Short web captions
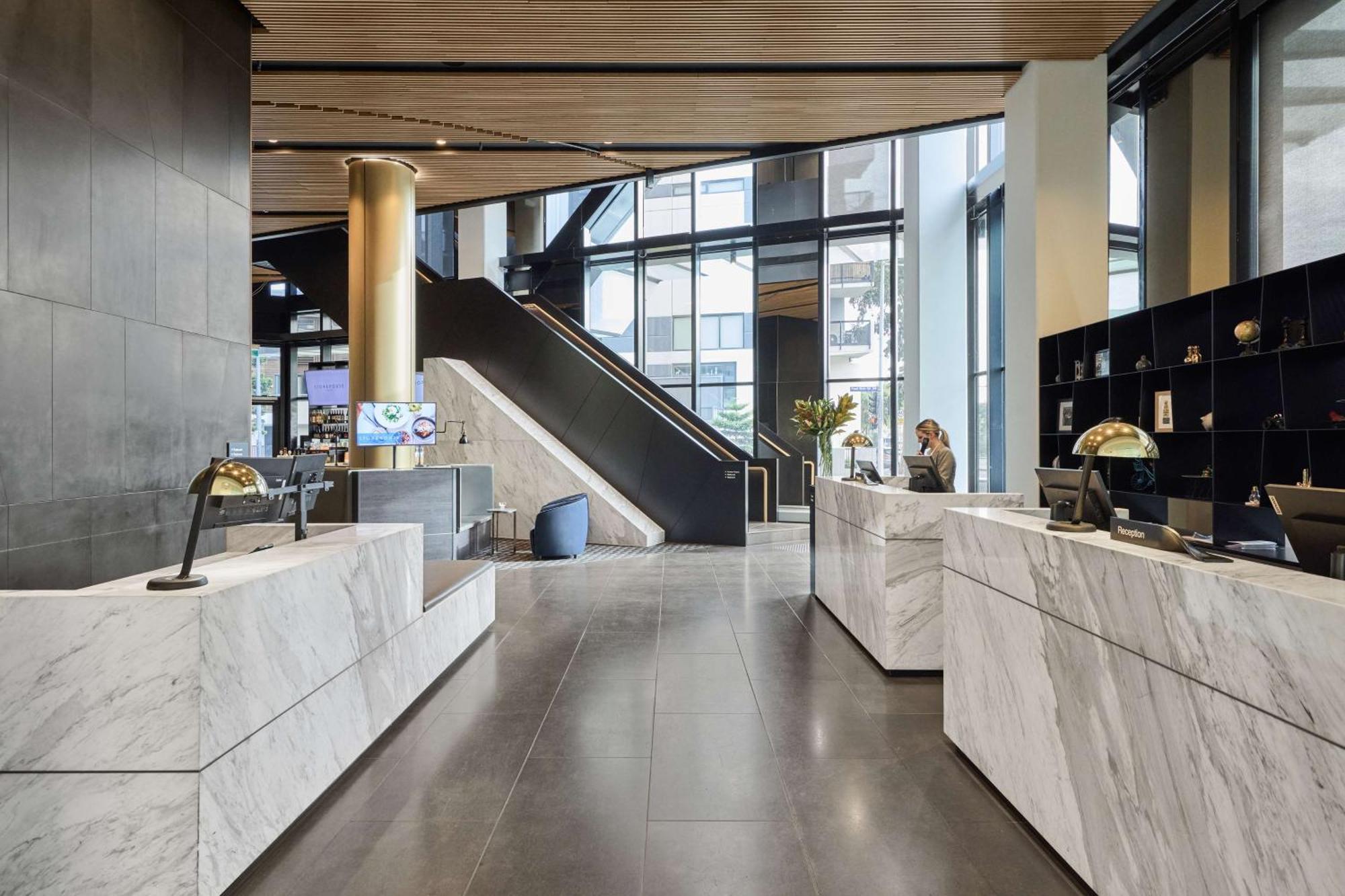 Vibe Hotel Melbourne Docklands Esterno foto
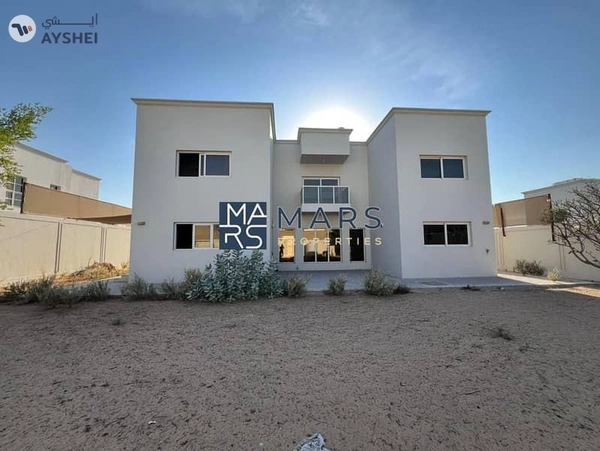 Luxury| Spacious| 5 Bedroom Villa| With Maid Room| Best Price| Closer to Emirates Road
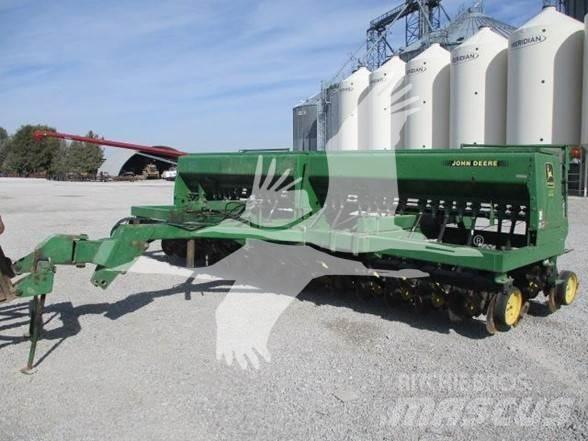 John Deere 750 Sejačice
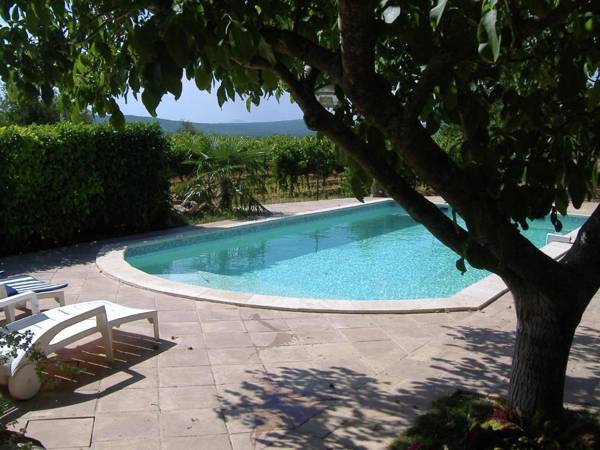 Detached holiday home near the truffle capital of Aups with a shared swimming pool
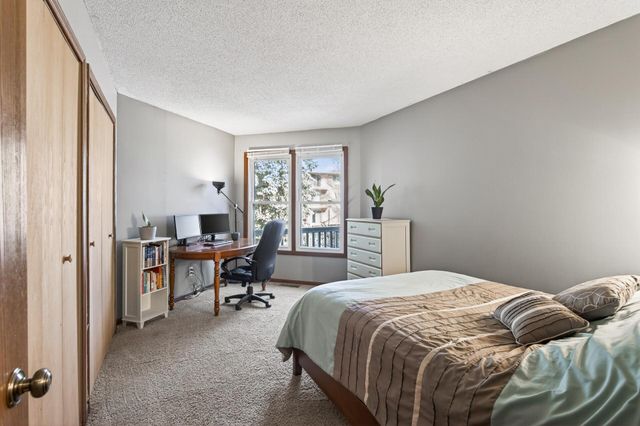 1046 E Travelers Trail 39, Burnsville, MN 55337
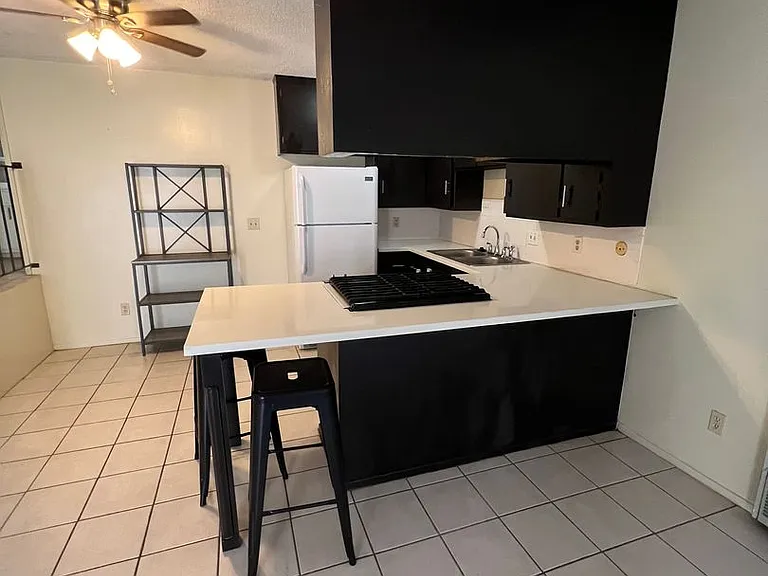 1361 E Del Mar Blvd — Photo 2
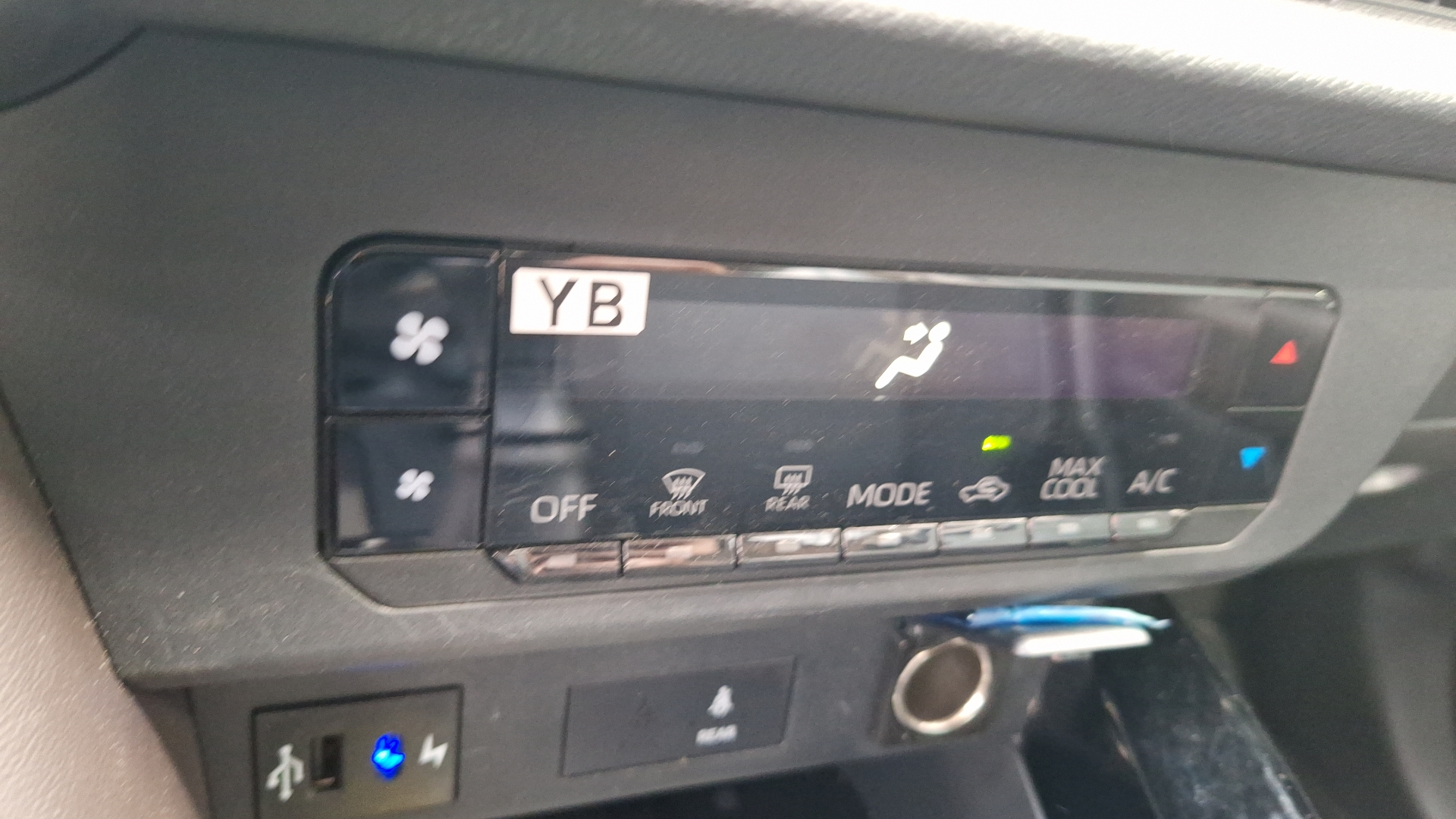 Toyota Yaris — foto 15 de 15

Work required → Print the records above word for word, omitting any picture they contain.

Task answer →
 Vibe Hotel Melbourne Docklands Esterno foto
 Luxury| Spacious| 5 Bedroom Villa| With Maid Room| Best Price| Closer to Emirates Road
 John Deere 750 Sejačice
 Detached holiday home near the truffle capital of Aups with a shared swimming pool
 1046 E Travelers Trail 39, Burnsville, MN 55337
 1361 E Del Mar Blvd — Photo 2
 Toyota Yaris — foto 15 de 15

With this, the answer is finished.